About 60% of human infections are of animal origin and antimicrobial resistance can be passed to humans through food and to people who have direct contact with animals like farmers and animal handlers. These pathogens can also spread to people who are handling of raw meat before cooking. The microbes can also be passed through ingestion of water contaminated by stools or urine in water.
Sometimes, resistant microbes may not jump from an animal to a person but there might be a transfer of genetic elements between microbes common to animals and humans. Such transfers allow drug-resistant properties or determinants in the animal pathogen to be transferred to the human pathogen.
Need India-specific studies
There has been very little research on drug resistance of microbes among animals or the presence of antibiotics in animal meat. A 2015 report by the think tank Centre for Disease Dynamics and Economic Policy refers to studies that have found bacteria with 100% resistance to the antibiotic sulfadiazine among chickens and other fowl. Researchers have also found widespread bacterial resistance to amikacin, carbenicillin, erythromycin, penicillin, and streptomycin.
Currently, the FAO is helping the Indian Council of Agricultural Research acquire standards for measuring antimicrobial resistance in animals.
“There are different breakpoints to declare pathogen resistance in humans and animals, because their dosages are different,” said Dr Kamini Walia who is coordinating the animal research on drug resistance for the Indian Council of Medical Research. A breakpoint is a concentration of an antibiotic that defines whether a pathogen is are susceptible or resistant to it.
These standards are being adopted in India for the first time in new surveillance programmes for livestock, poultry and fisheries. India also needs to test the effect of antibiotics as growth promoters among livestock and whether they actually help increase the weight of animals and so their meat content, said Bhatia.
Policy gaps
The Indian Council of Medical Research and the Indian Council of Agriculture Research are meeting to discuss which antibiotics need to be restricted or banned completely for use in animals. For instance, colistin is a drug of last resort that is prescribed to patients when all other antibiotics have failed but is currently used extensively to prevent infections in animals. Colistin resistance, if passed from animals to humans, can be calamitous.
“We need to tell farmers not to use last resort antibiotics because ultimately everyone will suffer,” said Bhatia.

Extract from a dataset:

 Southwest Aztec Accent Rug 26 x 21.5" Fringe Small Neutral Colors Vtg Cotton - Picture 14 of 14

Even though the Food Safety and Standards Authority of India has banned the use of antibiotics in fisheries, there is no such regulation for the poultry and livestock industries.

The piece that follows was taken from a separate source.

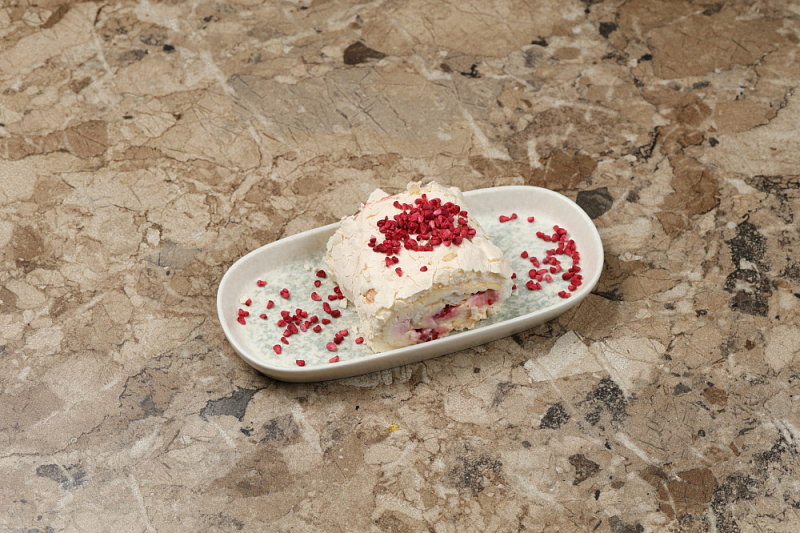 Меренговый рулет с малиной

Even with the severity of the problem, Bhatia feels that a blanket ban on the use of antibiotics in animal husbandry may not be effective. The government will have to bring farmers into the conversation and the process of cutting down on indiscriminate antibiotic use.
“If there is no qualified veterinarian or laboratory in a village, we cannot stop a farmer from feeding his cattle or poultry antibiotics,” said Bhatia. “We need to provide them with alternatives.”